__TASK TO COMPLETE__: Skip every picture. Print each line from the one containing "Oasis - Don't" through the end of the records below, word for word.

(Image-caption web data)

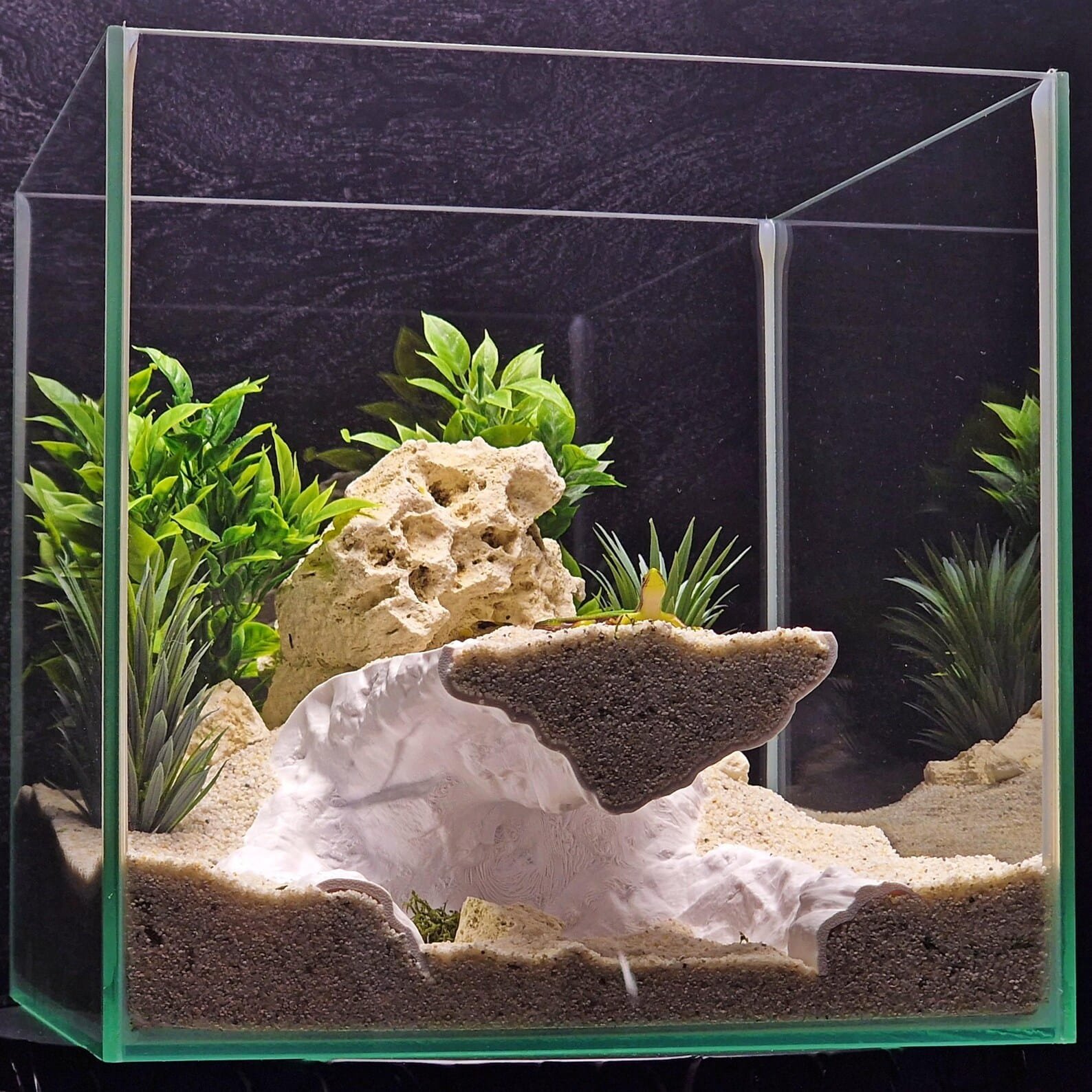 Brineflow Hollow - Aquarium & Terrarium decor cave | Critter underground hide | Fish, shrimp, reptile pet house | 3D Printable STL - Image 2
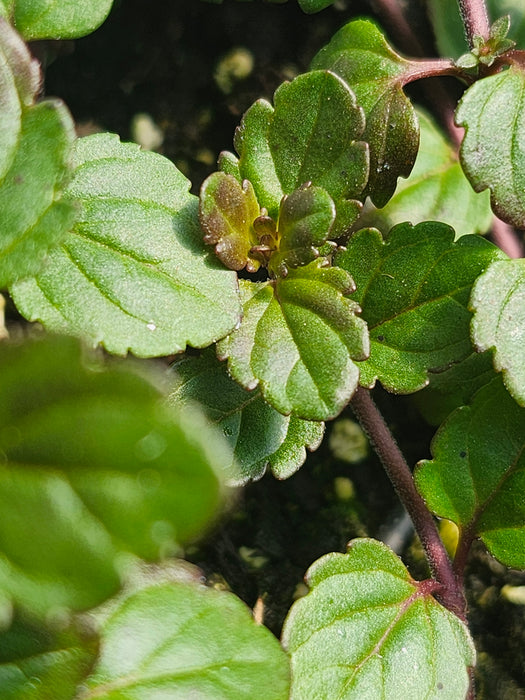 Veronica Peduncularis 'Waterperry Blue' Speedwell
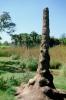 Termite Mound, Hill, Florida, USA, OEIV01P04_12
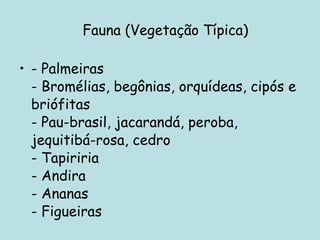 Fauna (Vegetação Típica) - Palmeiras - Bromélias, begônias, orquídeas, cipós e briófitas - Pau-brasil, jacarandá, peroba, jequitibá-rosa, cedro - Tapiriria - Andira - Ananas - Figueiras 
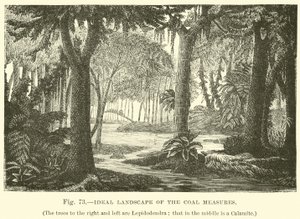 Ideal Landscape of the Coal Measures by English School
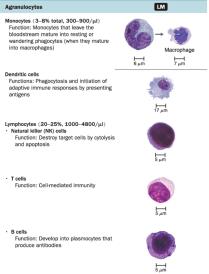 Agranulocytes: monocyte, dendritic cell, lymphocytes
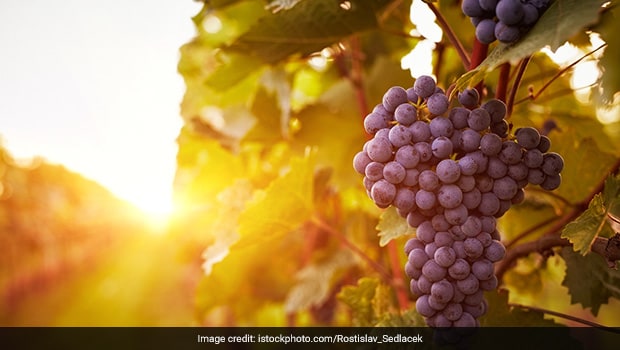 Grapes Nutrition: Amazing Nutritional Facts About Grapes 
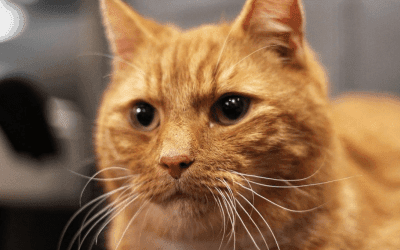 Hoe je kat voorbereiden op een baby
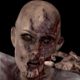 Zombie Walking - VideoHive Item for Sale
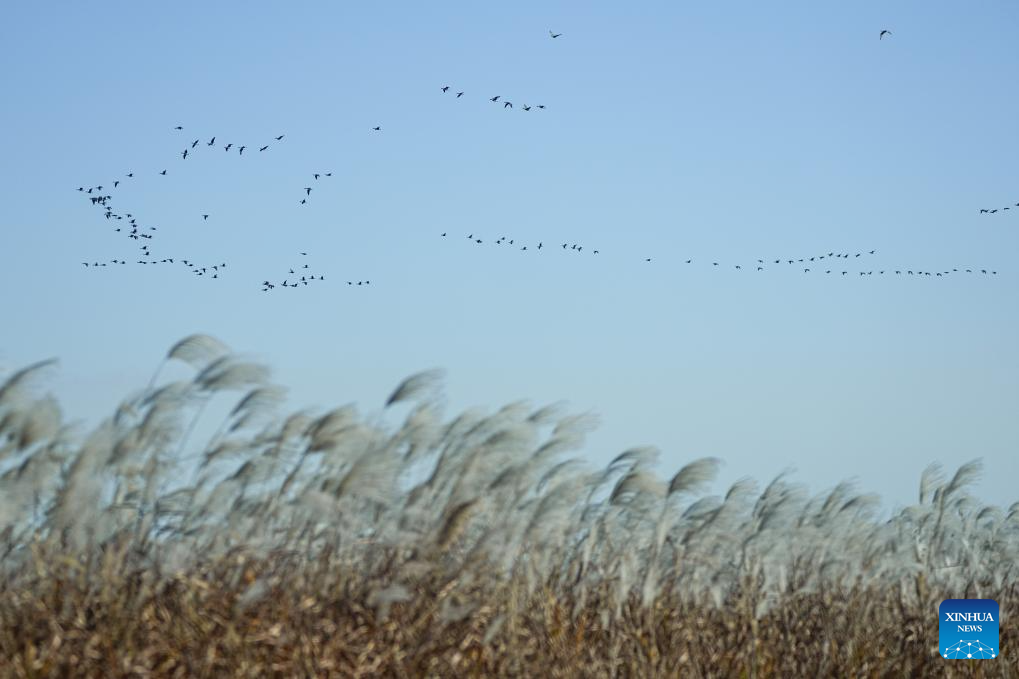 Bird paradise at Yellow River estuary shines as China advances flyway conservation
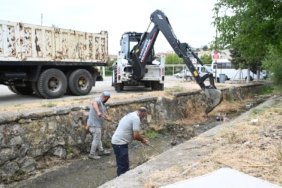 Kanal Temizliği Stad Yanı (01.08.2025) 1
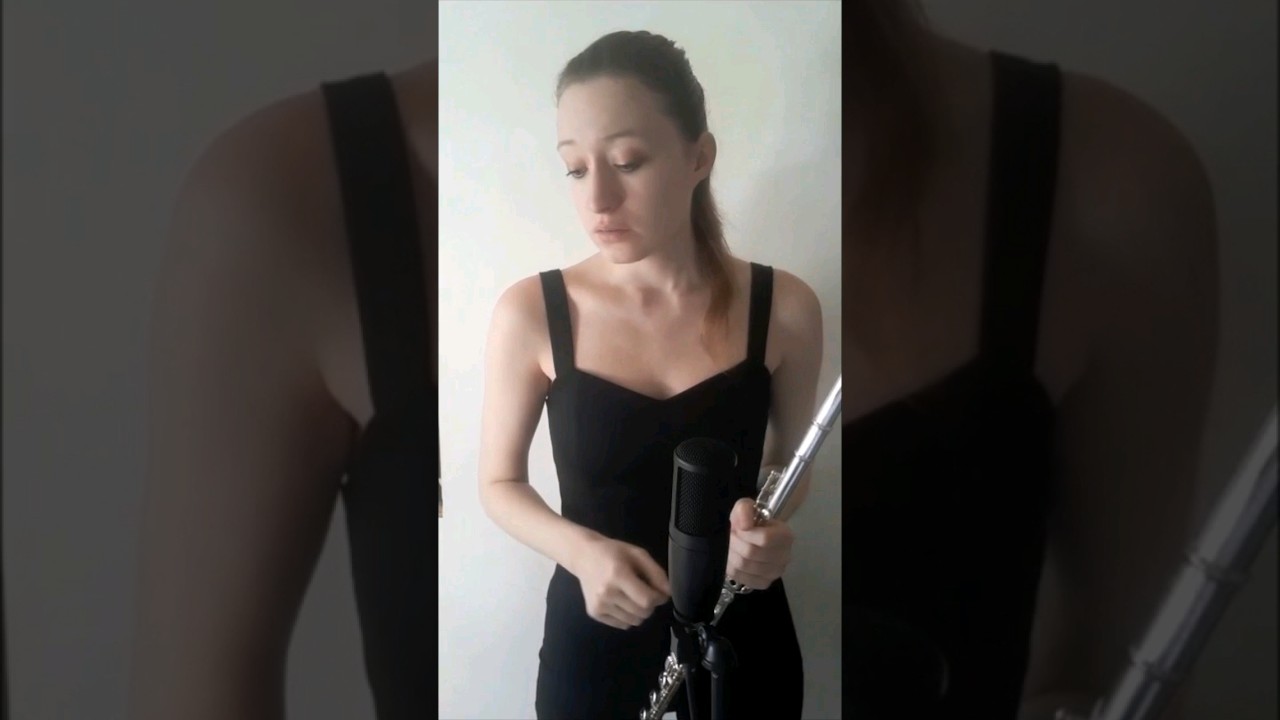 Oasis - Don't Look Back In Anger (flute/singing cover)
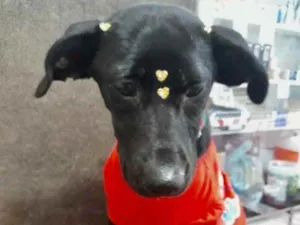 Cachorro raça Mestiça  idade 2 a 6 meses nome Amora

__WRITTEN ANSWER__:
 Oasis - Don't Look Back In Anger (flute/singing cover)
 Cachorro raça Mestiça  idade 2 a 6 meses nome Amora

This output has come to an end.